Welcome to the Limon Lab
Malfunctioning synapses steal life away from millions of people worldwide every day. Alzheimer’s disease, schizophrenia, depression, autism spectrum disorders are all considered synaptic disorders. Why and how does synaptic activity go astray and produce these debilitating conditions? No one knows the answer for sure. However, as our understanding of the intrinsic nature of abnormal synaptic activity in these conditions grows the closer we are to the answers.
Our long-term goal is to elucidate the physiological and pathophysiological processes that underlie synaptic and extrasynaptic remodeling of inhibitory and excitatory signaling in neurological and psychiatric disorders. With this information, it should be possible to advance knowledge of synaptic interactions in health and the rearrangements produced by disease to a point where rational strategies can be developed for effective treatments of neurological and psychiatric disorders.

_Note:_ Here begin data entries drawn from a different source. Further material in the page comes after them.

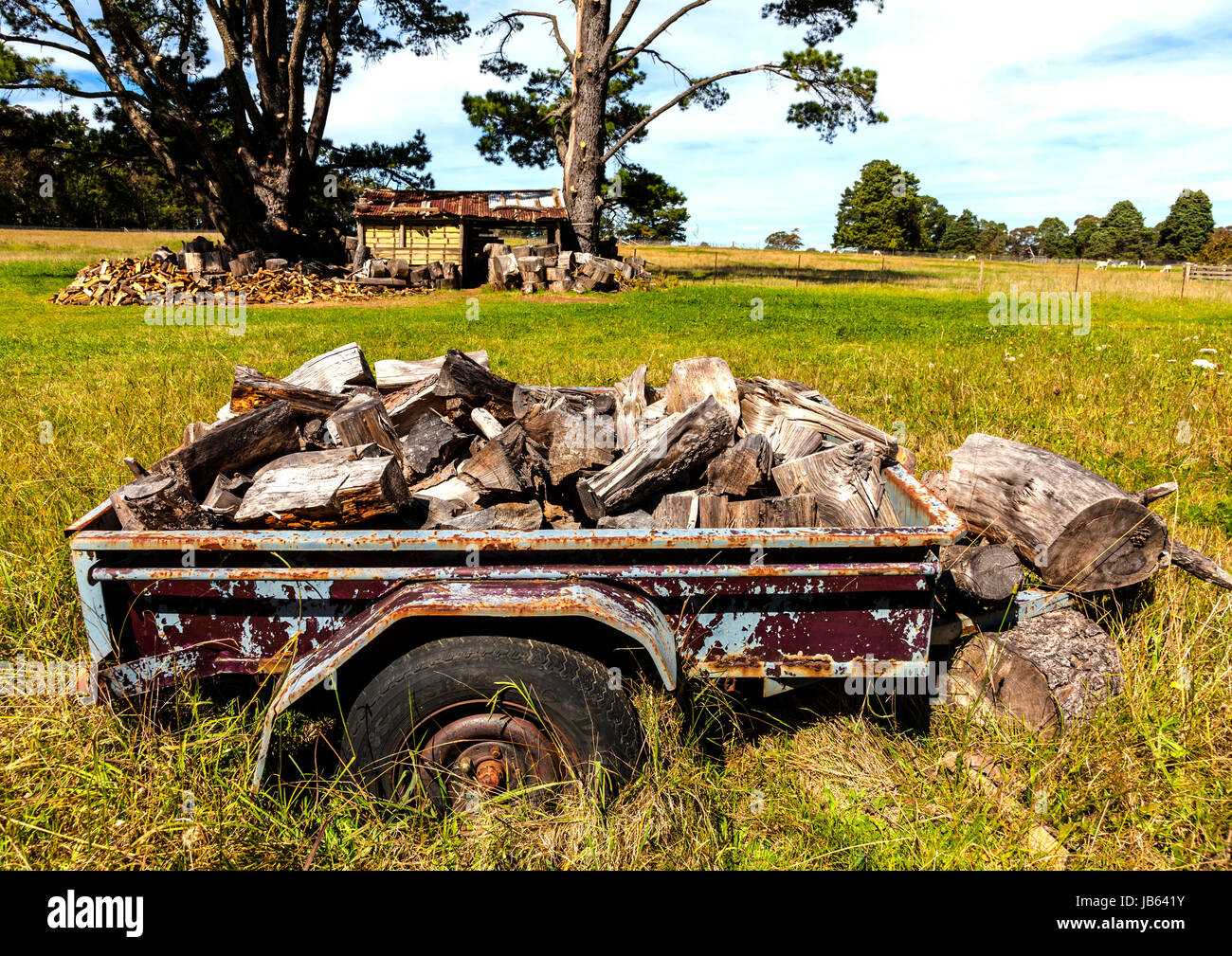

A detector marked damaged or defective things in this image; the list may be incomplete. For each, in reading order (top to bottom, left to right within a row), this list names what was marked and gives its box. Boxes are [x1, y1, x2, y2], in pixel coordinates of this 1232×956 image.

rusty wheel hub [418, 714, 564, 807]
rusty metal trailer [67, 462, 966, 807]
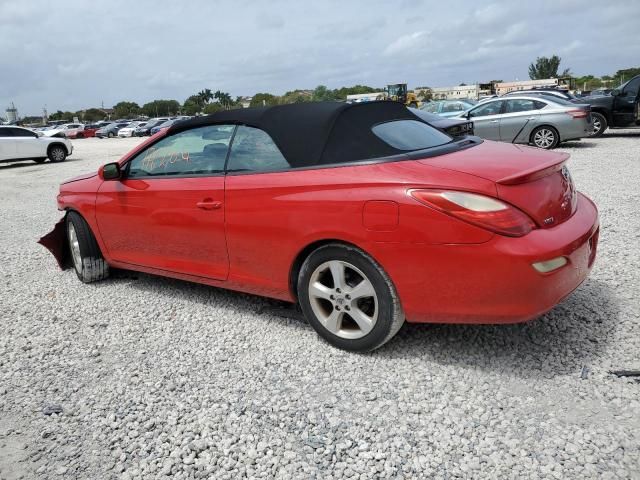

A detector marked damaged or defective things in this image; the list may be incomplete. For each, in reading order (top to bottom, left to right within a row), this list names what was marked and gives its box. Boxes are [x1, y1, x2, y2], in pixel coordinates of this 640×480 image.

damaged front fender [37, 218, 70, 270]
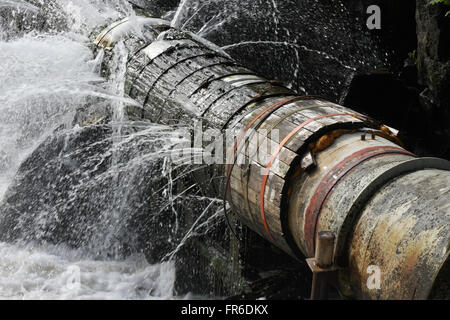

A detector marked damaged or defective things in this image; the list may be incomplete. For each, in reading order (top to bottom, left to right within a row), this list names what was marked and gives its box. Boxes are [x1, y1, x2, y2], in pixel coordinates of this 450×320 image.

rusty pipe section [95, 21, 450, 298]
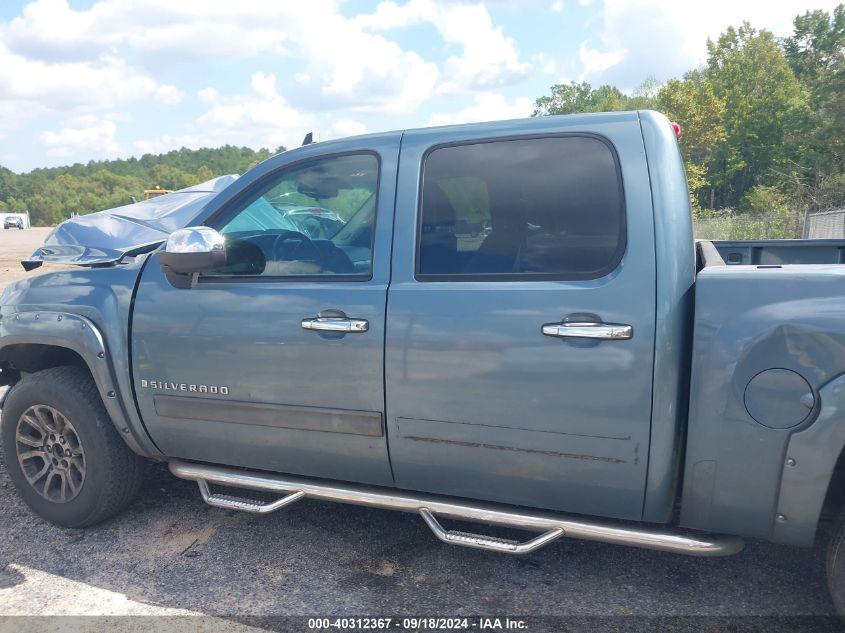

We use an integrative synaptic interaction model that depicts the electrical and chemical stimuli and responses of neural receptors and ion channels in the multiple dimensions of time, space and domain (gene and protein expression, biophysics, pharmacology and physiology). We use electrophysiological data from reactivated, native synaptic receptors extracted from healthy and diseased human brains by Microtransplantation of Synaptic Membranes (MSM), and by integrating this functional information with transcriptomic and proteomic data from the same cohort. This integrative approach has provided our group with deeper understanding of molecular processes that are most likely occurring in living human brains affected by neurological and psychiatric disorders like Alzheimer’s disease, schizophrenia and autism.